Hello, I leased an Altima 2 years ago and I have had every problem you can imagine. All the recalls. This is my third set of tires. My ride is really lound and bumpy and there is a rattling sound in my trunck that is nerve racking. My car takes at least ten tries to start and the delaership said that is normal. My car vibrates. Basically, I hate this car with all my heart, but has anyone eperience any of these problems. I want to sell it and take a loss.


----------



## dkocur (Feb 17, 2004)

boo15146 said:


> My car takes at least ten tries to start and the delaership said that is normal.


Find a new dealership!


----------



## Marvin (Oct 16, 2002)

Take a look at the tech publications at the top of this section. Should clue you in to some of your issues.


----------



## Ruben (Oct 15, 2002)

dkocur said:


> Find a new dealership!



Yes, you'd be suprised what a single change like that can do.


----------



## boo15146 (Mar 24, 2004)

*Technical publications*

I have never been on this website where are the technical publications?


----------



## Ruben (Oct 15, 2002)

Click the below...

http://www.nissanforums.com/showthread.php?t=14431


----------



## ALTYHOLIC (Oct 19, 2002)

Most states' Lemon Laws protect lessee's too.


----------



## altima25s (Feb 26, 2003)

ALTYHOLIC said:


> Most states' Lemon Laws protect lessee's too.

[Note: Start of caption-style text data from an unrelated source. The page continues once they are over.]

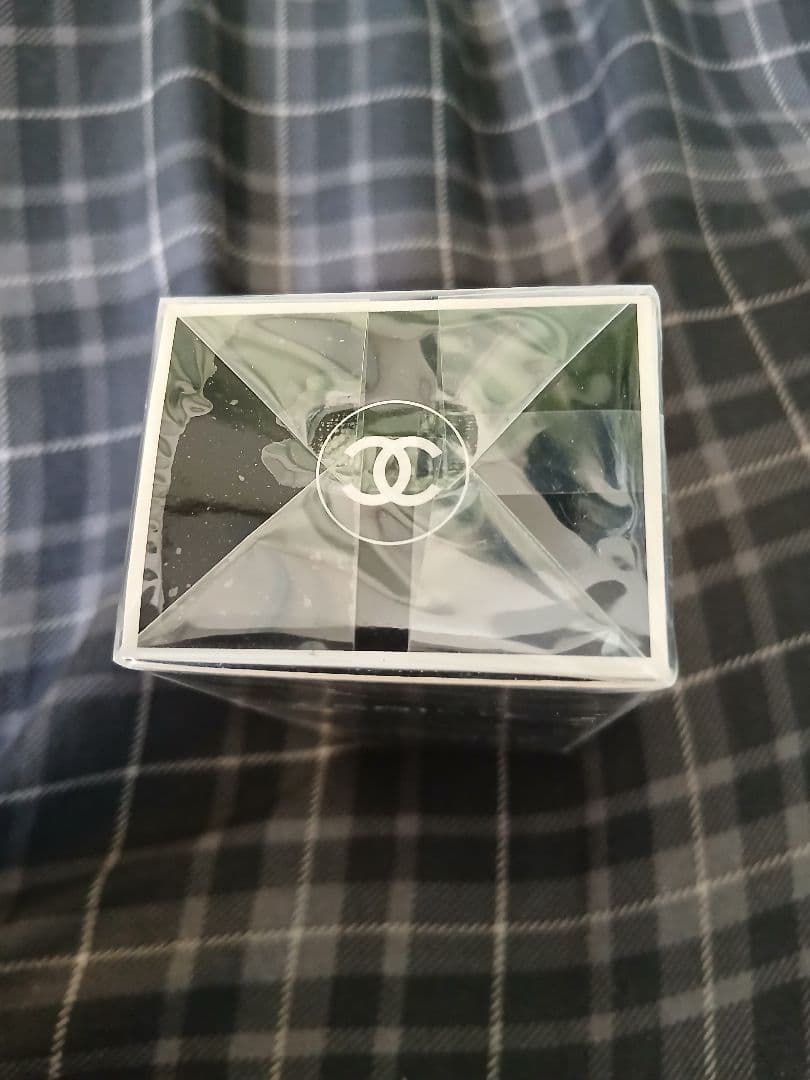 新品未開封　CHANEL シャネル エゴイスト　50ml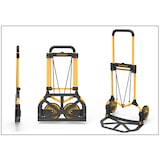 thumbnail of Stanley FT582 opvouwbare handtruck 90Kg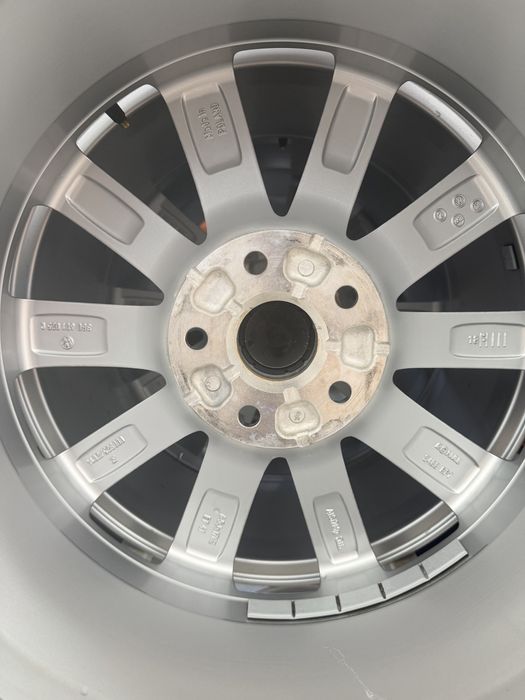 Jante Aliaj Helsinki  17 5x112 Originale Vw Passat b8 Golf 7 8 Touran T-ROC SKODA SEAT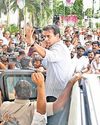 BRS rallies behind KTR, slams vendetta politics33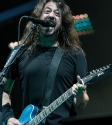 Dave Grohl Foo Fighters. Photo by Ros OGorman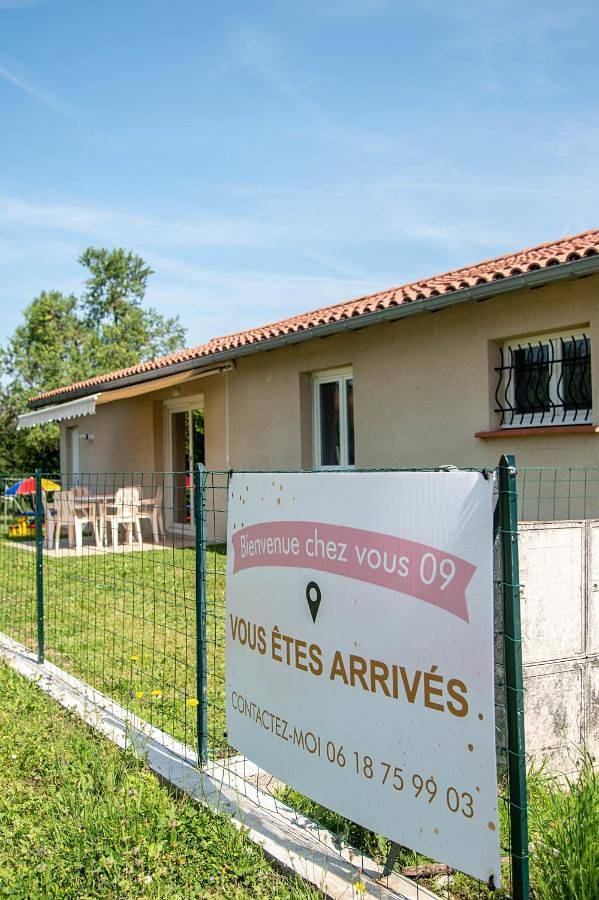 Cottage pour 6 personnes, avec jardin à Varilhes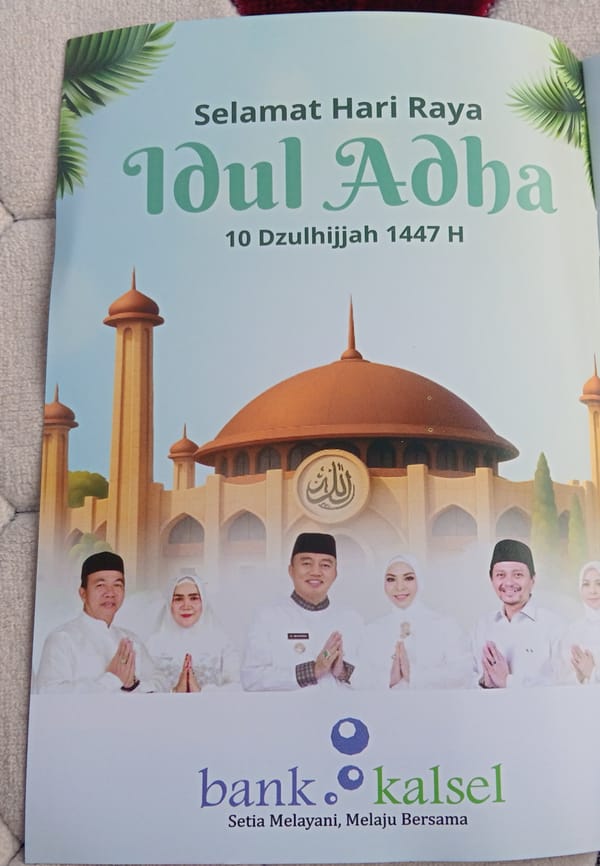Umat Islam Diajak Meraih Keberuntungan Dengan Memperkuat Keimanan dan Kesabaran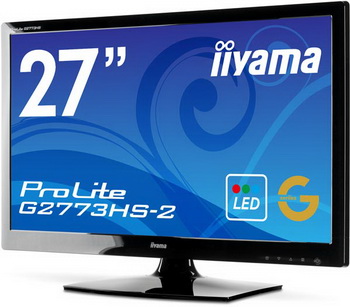 Monitor Iiyama ProLite G2773HS-2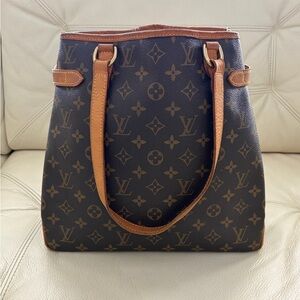 Louis Vuitton Batignolles Vertical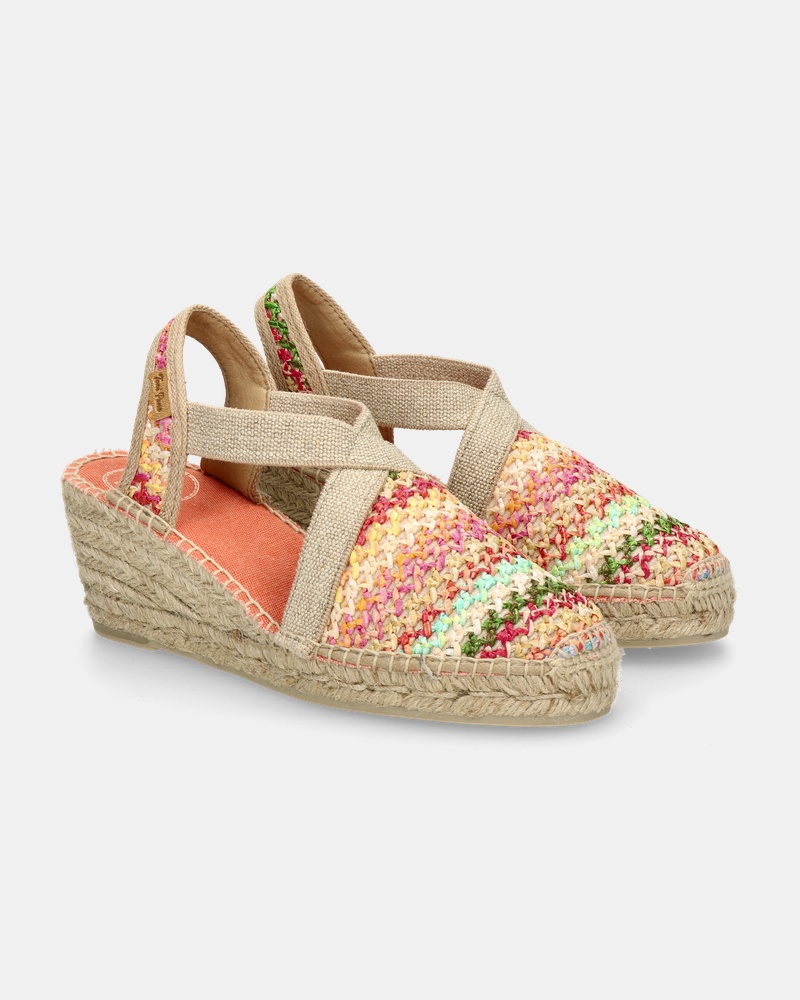 Toni Pons Terra NZ Espadrilles  - multi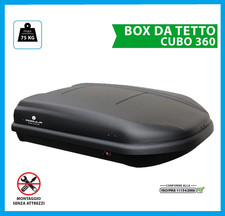 Baule tetto box usato  Ercolano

dont feel bad...im on my 4th recall i believe(lost count)
I had a 1993 altima before this and had problems with it since day ONE and i should have took that as a lesson to leave the altima alone but nooooooooooooooooo cuz of those stupid clear taillights and all the tight mods u can do,,,i haddddd to buy thiz car...now its like deja vu..
Just had my breaks and roters replaced, countless recalls, fuel door release switch broke, cup holders broke...PROBLEM with automatic door locks, sometimes they lock allll by themselves with car running. Thumping noise under the front drivers side tire...oooh and the most ANNOYING prob....when i hit pot holes...the damn passenger seat squeaks....wtf????!!!!!!The cloth interior SUCKS. LINT like u wouldnt believe.every time i press and release the damn clutch it sqeaks like i stepped on a damn duck lol... Hmmmm anything else??
All petty stuff granted but for a 20,000 nissan....?


----------



## boo15146 (Mar 24, 2004)

*Thanks for the replys*

I have a cranberry SL and I have 21/2 years left on my lease. I think I will just trade it in and get a passat. I have had the gas lever break, cup holder, window strips reaplced, all five recalls done. It is so said because I thought I would really enjoy the car. I have 36, 000 miles and it is a 2002. I know I was bumb I leased it tooooo long!


----------



## wild willy (Oct 16, 2002)

boo15146 said:


> Hello, I leased an Altima 2 years ago and I have had every problem you can imagine. All the recalls. This is my third set of tires. My ride is really lound and bumpy and there is a rattling sound in my trunck that is nerve racking. My car takes at least ten tries to start and the delaership said that is normal. My car vibrates. Basically, I hate this car with all my heart, but has anyone eperience any of these problems. I want to sell it and take a loss.


3.5 or 2.5?


----------